SELECT toTimestamp(timeuuidoffset), eventprocessorid, timeuuidoffset FROM <keyspace>.offsetstore;

We have verified that the time went to as old as 2019.

A lot of our events got replayed, and many of the processors have side effects (sending emails).

Anyway, here’s the summary of what happened:

- lagom services are online
- production C* went down
- revived prouction C*
- production C* had a lot of commitlogs, processing took a lot of time
- production C* is up
- offsettores are reset

We managed to replicate this issue in our staging enviroment:

- lagom services are online
- mounted prod disk snapshots to staging cluster
- started staging C*
- staging C* had a lot of commitlogs, processing took a lot of time
- staging C* is up
- offsettores are reset

Initially, we thought that it was purely just a cassandra issue and we were so concerned about the integrity of our messages table.

However when we did the following:

- lagom services are taken offline
- mounted prod disk snapshots to staging cluster (same snapshot)
- started staging C*
- staging C* had a lot of commitlogs, processing took a lot of time
- staging C* is up
- offsettores are not reset
- lagom services are revived
- offsettores are not reset

Sadly, the akka logs are set to log level WARN so we weren’t able to see the information when the application has reconnected to the offsetstore, or what it did during that time. We will do that as a follow up (redeploy our apps with the appropriate log level, and do a restoration). However, this is not something we can do right away.

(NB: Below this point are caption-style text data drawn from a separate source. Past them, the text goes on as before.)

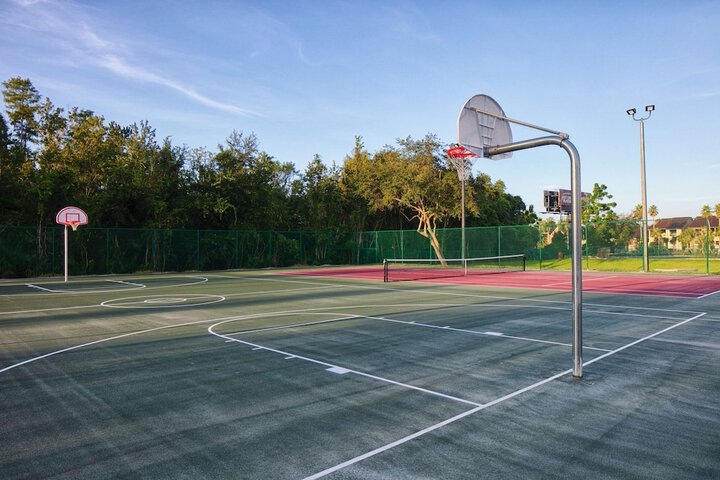 Tennis and Basketball Courts 65 of 76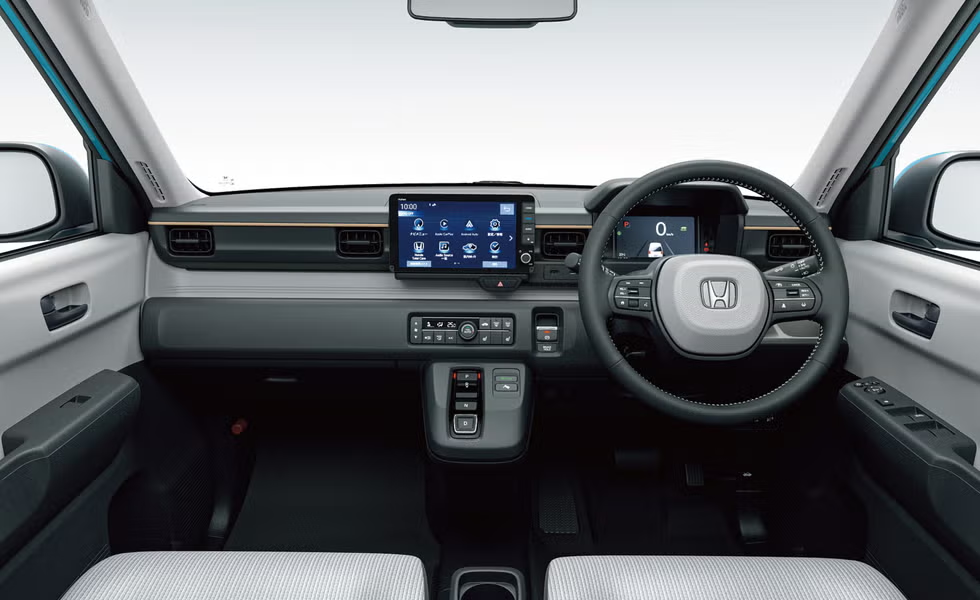 Honda N-ONE e: Price, Range & Specs of the New Electric Kei Car 2 Honda N-ONE e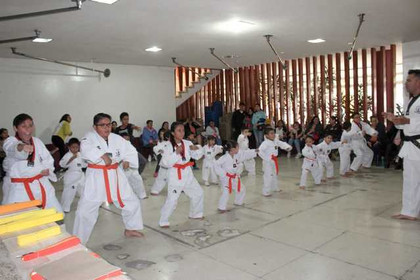 Imagen 1 de la galería del partner Escuela Taekwondo Kyeongju Onofre - Tlatelolco Bb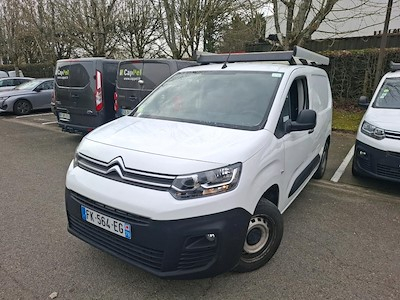 Citroen BERLINGO Berlingo Van M 650kg BlueHDi 100 S&amp;S Club BVM5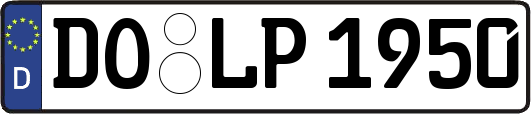 DO-LP1950
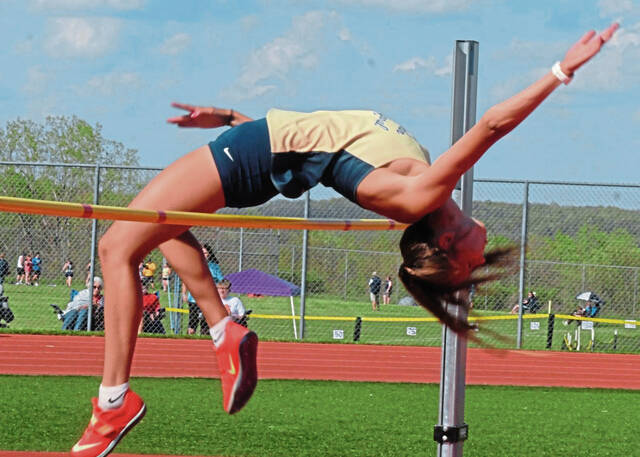 Invitationals begin final stretch for track athletes as they ramp up toward WPIALs, states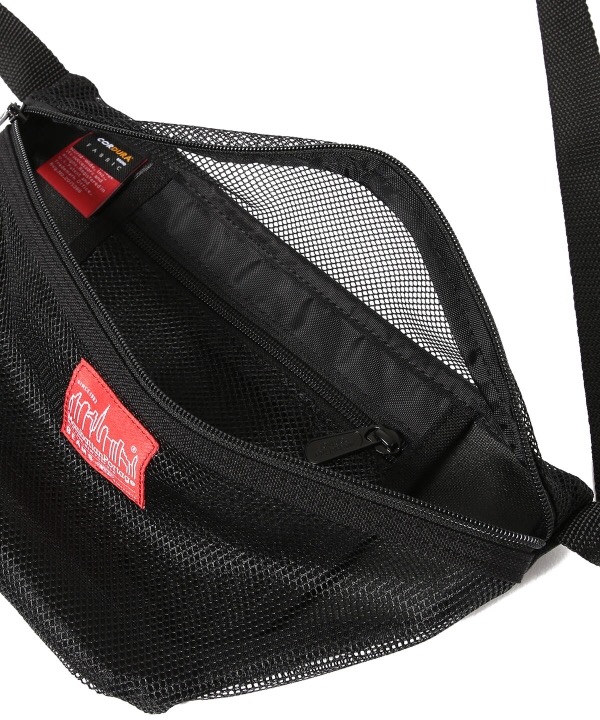 Manhattan Portage＞メッシュです。ビームス 立川にて絶賛予約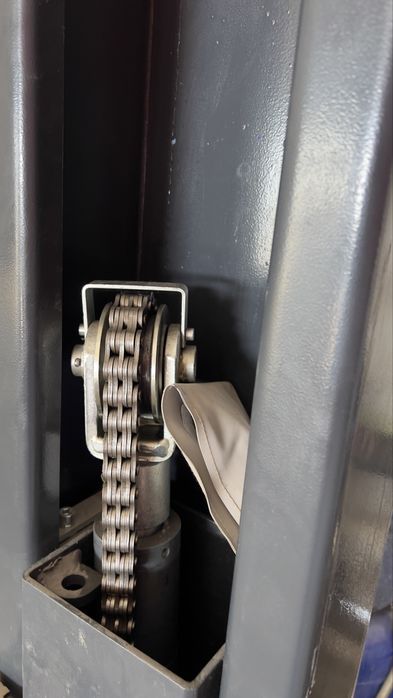 Подемник Evert състоянието като на чисто нов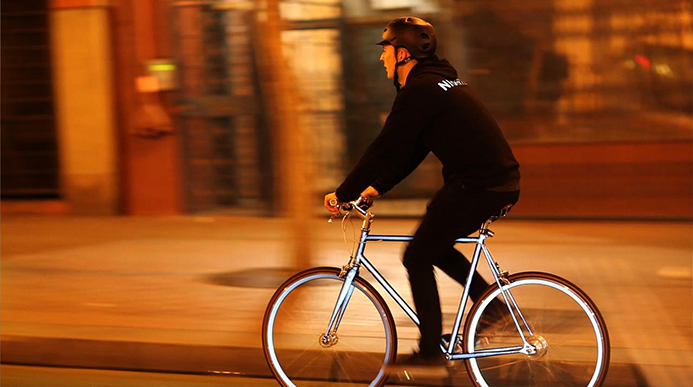 Mission Bicycle Company Lumen-4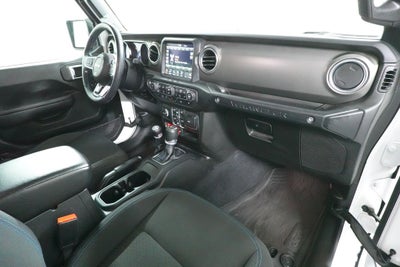 2022 Jeep Wrangler 4xe Unlimited Rubicon 4xe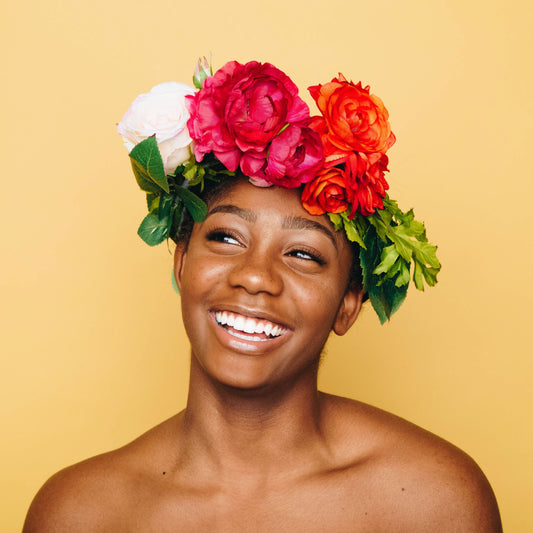 GLOWY HEALTHY SKIN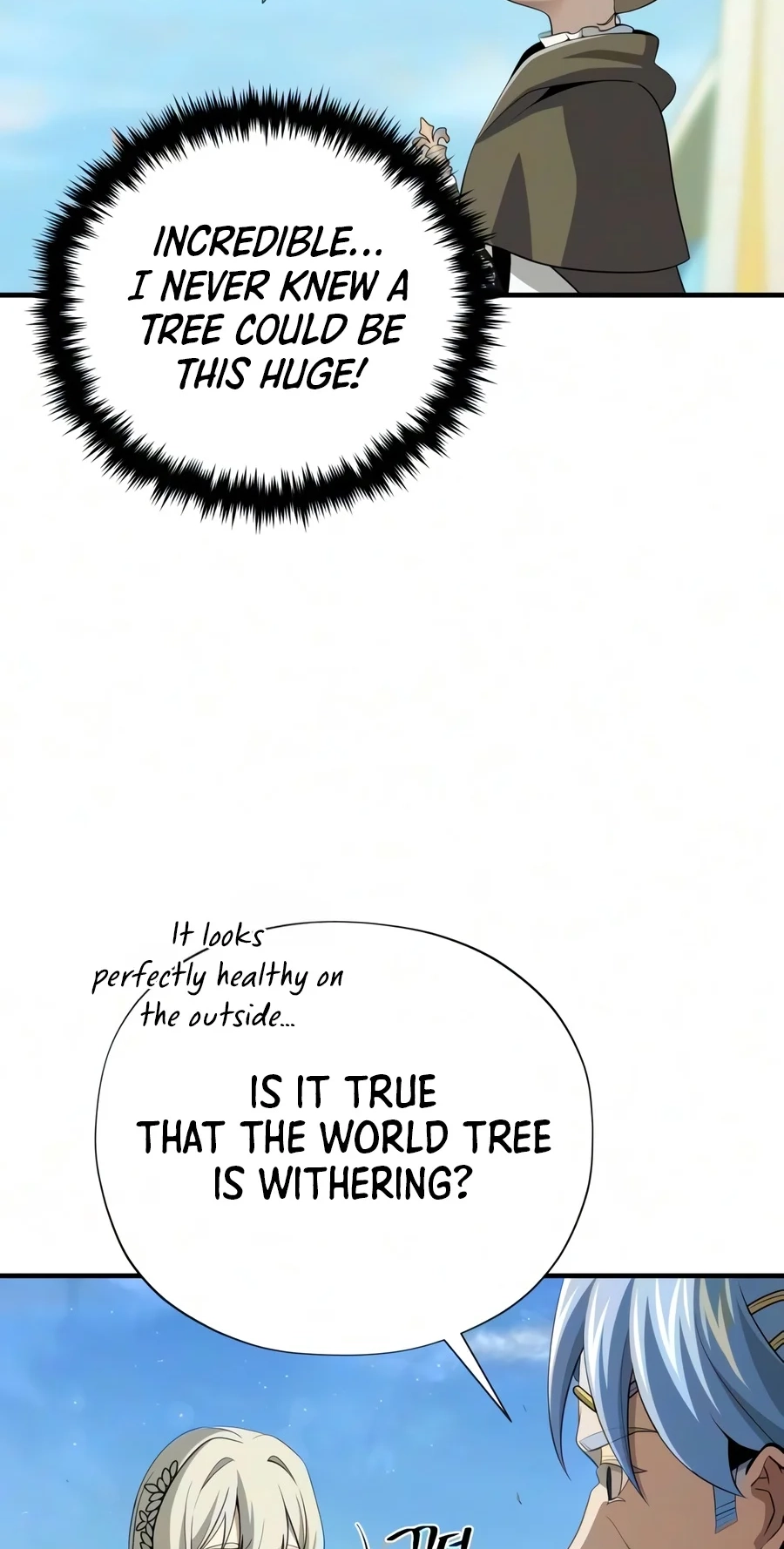 The Dark Magician Transmigrates After 66666 Years Chap 199 - Next Chap 200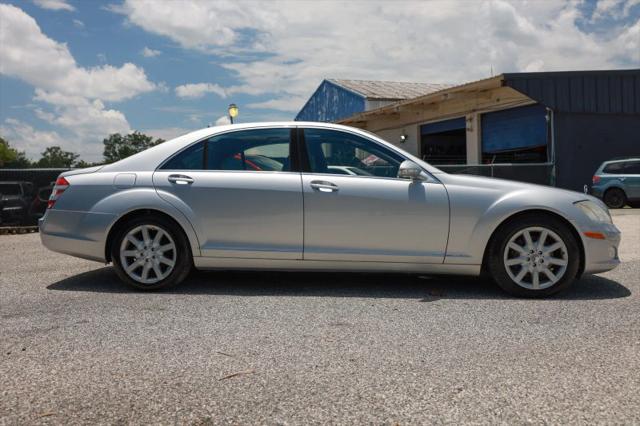 2007 Mercedes-Benz S 550 S 550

In this case, is it possible to get pointers on how to debug this?
I created a bare minimum project to try and replicate the issue, but to no avail.
Here it is:

We’re running on:

lagom 1.6.4
cassandra 3.11.3

I tried publishing many messages, but I think my dataset is limited. Any insights on how to replicate this issue with minimal code is highly appreciated.

Thanks!

Clyde

1 Like

Hi @clydeespeno ,

I can’t remember from the top of my head how

had a lot of commitlogs, processing took a lot of time

appears to a user querying the database, but I suspect the application did not find any offsert_store table in the schema and just created a new one (which was empty). As a consequence, events were replayed.

offset_store is a table in the database where each topic producer and readside processor saves what was the last event it consumed and, when no value is found lagom assumes the projections was never run and starts from scratch.

I would suggest you disabled the flag to auto-create tables so that if/when you stumble upon the same issue, the read-side processors won’t be as eager.
Still, I suspect disabling the table creation will not be enough: I suspect that C* restores the database in a non-transactional way so as soon as the application sees the offset_store with just a few rows (as the C* restore is running) ithe application would run the projections.

Summing up, the safest solution would be stop the application until the C* cluster has fully recovered.

Cheers,

1 Like

Hi @ignasi35,

Thanks for your response.

Based on our cassandra logs, it’s unlikely that the tables were re-created. The curious thing though is that only the active producers, and processors were updated.

The WRITETIME of the rows were also from the original date they stopped updating. So at least, that part is quite unlikely.

Indeed, one of the takeaways here is to ensure that lagom apps are stopped during a C* shutdown.

But still, if we could find out exactly on what conditions this happens, that would be great.

We’re quite concerned about situations where there’s a sudden network partition between the lagom apps and the C*, and suddenly the network recovers (hopefully that is not the case).